Fazes parte do grupo de apoio do Ferrock Festival há mais de treze anos. O que significa trabalhar num evento deste porte?


É algo grandioso. Tivemos nos palcos nomes como Napalm Death, Suffocation, Tim Ripper, Uriah Heep, além de grandes bandas brasileiras como Sepultura, Ratos de Porão e Dorsal Atlântica. Tudo isso num festival gratuito ou em troca de alimentos, que depois eram doados a instituições. O Ferrock é o festival de rock mais antigo do Brasil ainda em atividade e é um orgulho fazer parte dele.



Hoje apresentas também o programa Zine-se em várias webradios. A rádio ainda é vital para a música extrema?


A rádio é vital para todo e qualquer tipo de música. Infelizmente, as rádios convencionais sempre privilegiaram a música de quem mais paga. E no Brasil, muitas emissoras foram compradas pelo agronegócio, que as encheu com a chamada nova música sertaneja, de qualidade duvidosa. Felizmente, surgiram as webradios, onde as bandas independentes têm espaço. É aí que o programa Zine-se encontrou casa. Começámos há nove anos na Rádio 4 Tempos e depois fomos convidados por outras rádios: Cult 22, Overrocks, a portuguesa Alta Voltagem e a carioca Rock n Roll Old School. Hoje, a entrevista também vai ao ar pelo canal do Estúdio Mercearia no YouTube. O Zine-se é semanal, produzido e apresentado por mim e pelo Fábio Frajola, com ajuda de amigos voluntários como a Sillene e o Marcel.



Com mais de três décadas no underground, que conselho deixarias a quem hoje quer criar um zine, uma banda ou organizar um festival?


Seja qual for o campo de atuação que escolherem, façam-no por amor. Dificilmente qualquer trabalho no underground dará dinheiro ou será fonte de rendimento principal. É importante deixar isto claro para que ninguém monte uma banda a pensar em fama ou sucesso. A frustração pode levar alguém a abandonar a cena, a criticar injustamente o nosso meio e desencorajar outros jovens de compor, tocar, organizar eventos ou editar os seus próprios fanzines.
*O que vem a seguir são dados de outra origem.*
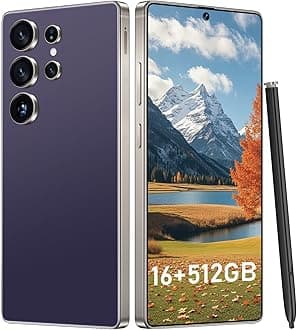 I25 Ultra: Powerhouse 16GB/512GB, 2-Day 7000mAh Battery, Huge 6.99" Android 14 Phone w/Built-in Stylus - Your All-in-One Device The Superior Choice (Purple)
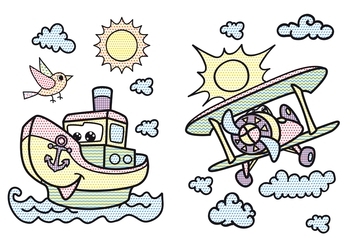 Транспорт. Великі водяні розмальовки - Pampik - 2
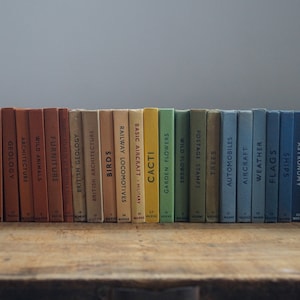 Observers Books | Vintage | Colourful | Display | Shelf Decor | Rainbow | Decorative | Reference | Flowers | Butterflies | Cacti | Birds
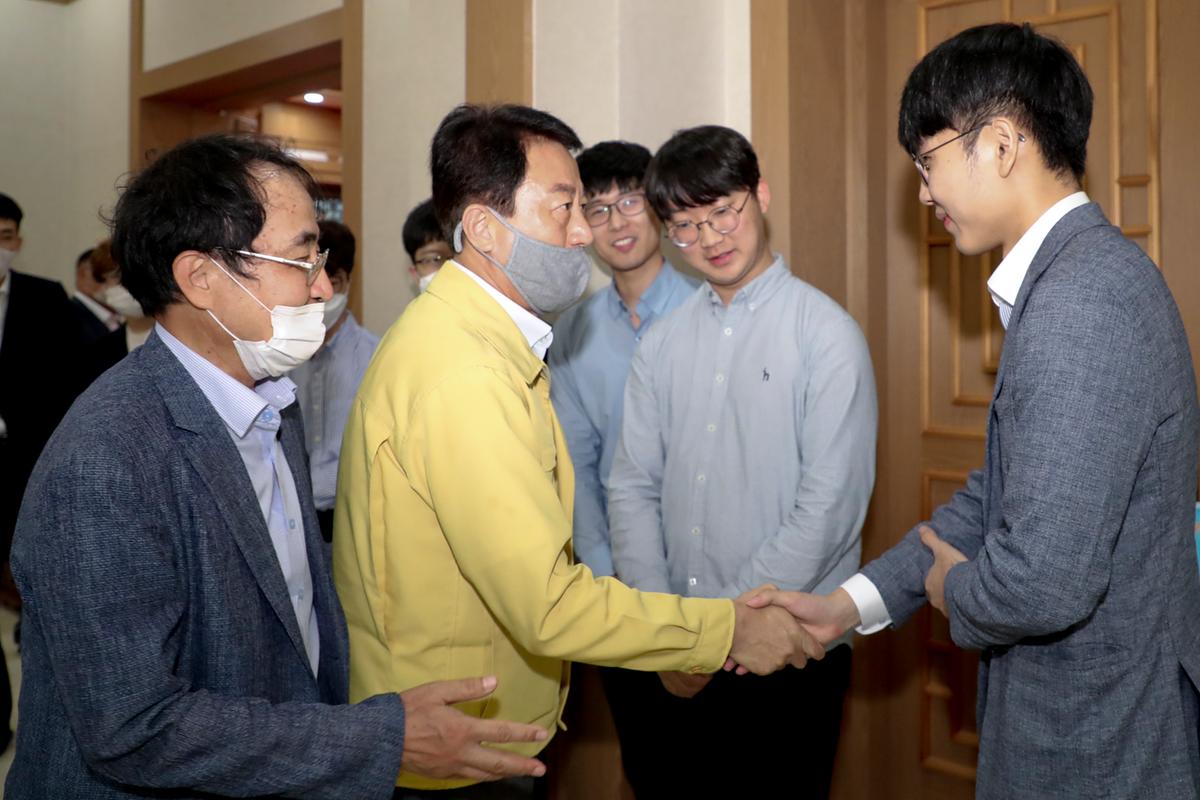 하찬석국수배 영재vs정상 기념대국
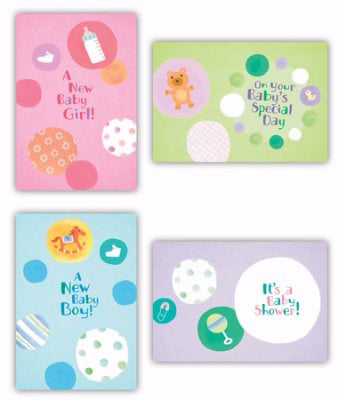 Card-Boxed-Baby Circles (Box Of 12) (Pkg-12)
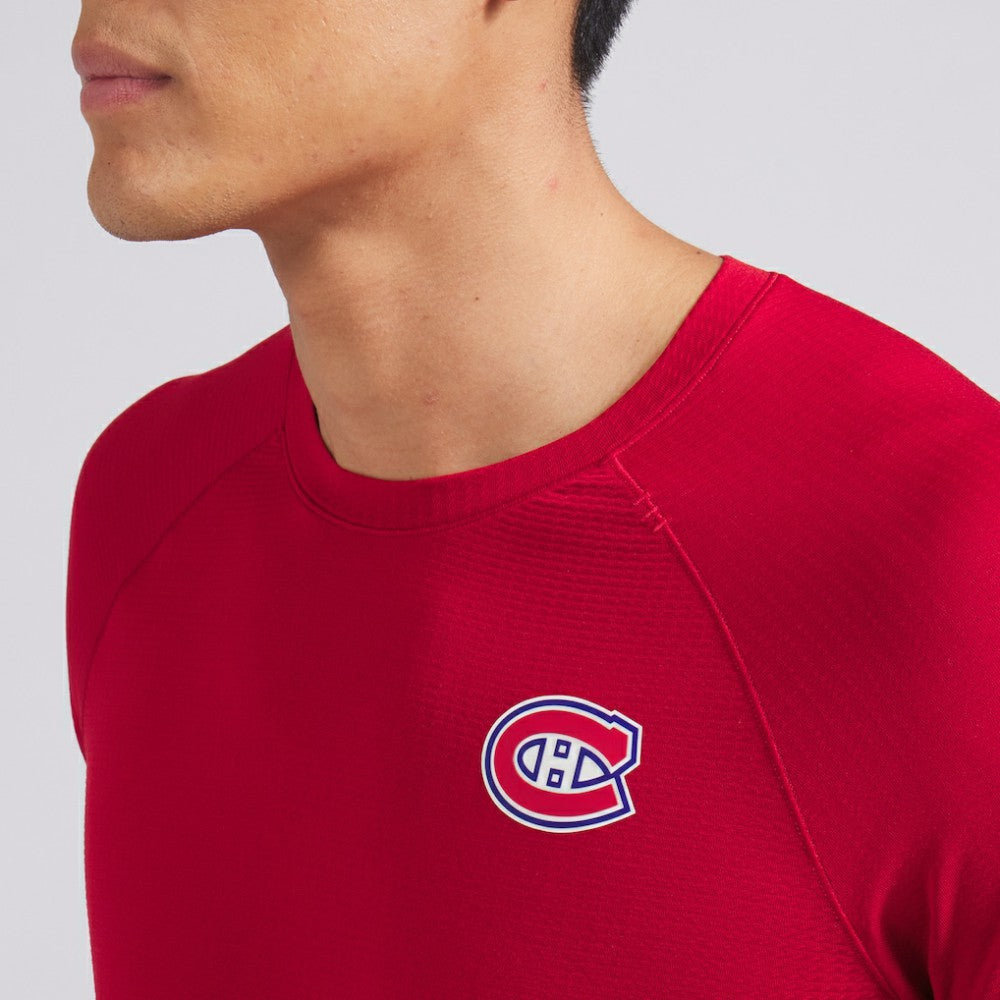 Montreal Canadiens lululemon Metal Vent Tech Short-Sleeve Shirt - True Red - NHL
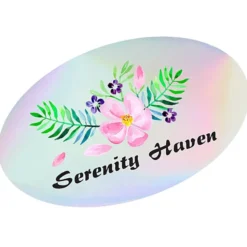 Holographic Sticker - Oval - 4 inches x 6 inches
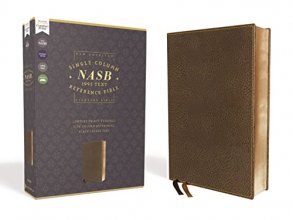 Cover art for NASB, Single-Column Reference Bible, Wide Margin, Leathersoft, Brown, 1995 Text, Comfort Print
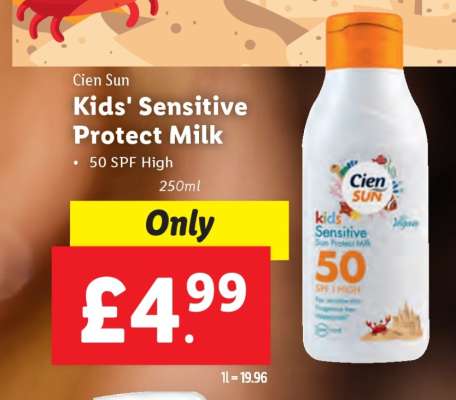 Cien Sun Kids' Sensitive Protect Milk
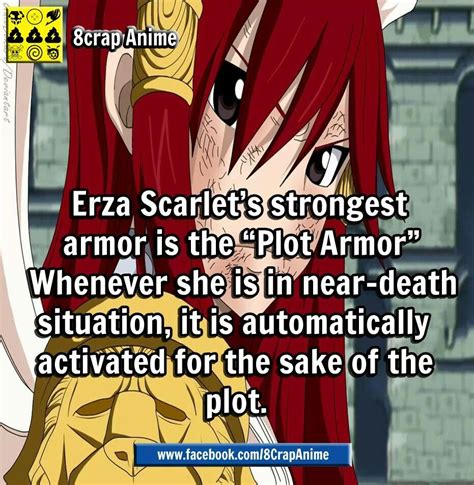 Plot Armor It Works Because We All Love Erza Fairy Tale Anime Fairy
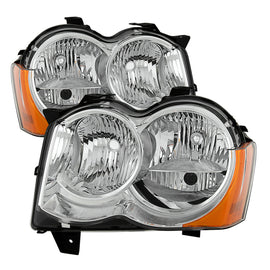 xTune Jeep Grand Cherokee 08-10 Halogen Model Only OEM Style Headlights Chrome HD-JH-JGC08-AM-C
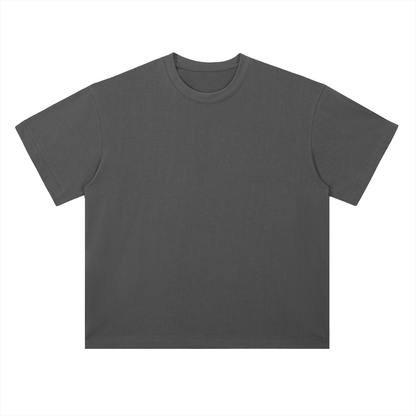 Unisex Heavyweight Drop Shoulder Cotton T-Shirt in dark gray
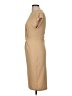 Unbranded Solid Tan Casual Dress Size M - photo 5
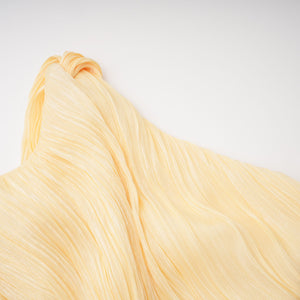 Cocon Asymmetrical Ruched Maxi Dress / Yellow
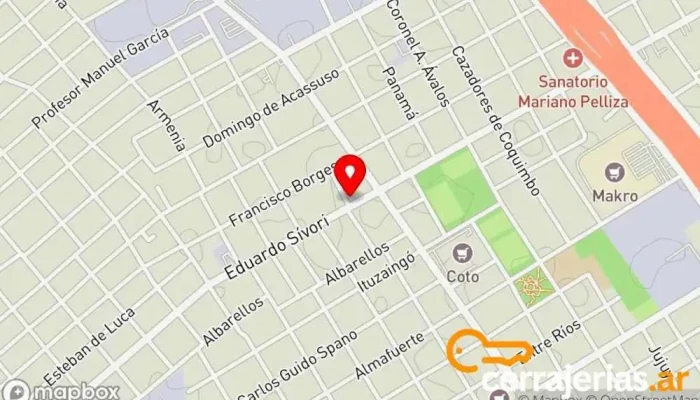 mapa de KeyStore Cerrajeria y Diagnostico Tienda de repuestos para automóviles, Taller de reparación de automóviles, Servicio de duplicación de llaves, Cerrajero, Tienda de repuestos para motos en Munro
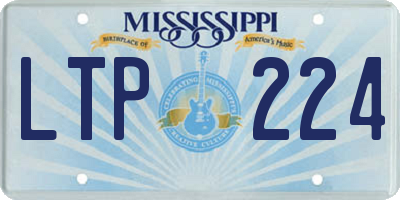 MS license plate LTP224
Se tivesses de escolher um momento que resuma a essência da tua vida no underground, qual seria?


Miguel, é uma pergunta difícil porque foram muitas as emoções, camarada! Mas hoje cito um concerto da banda carioca Dorsal Atlântica em Brasília, no final dos anos 80. Fomos convidados da produção para fazer a cobertura pela fanzine Metal Blood e tivemos acesso ao camarim. Nesse dia pude conhecer pessoalmente uma das pessoas que mais admiro no underground brasileiro: Carlos Vândalo, fundador, guitarrista e vocalista da Dorsal Atlântica.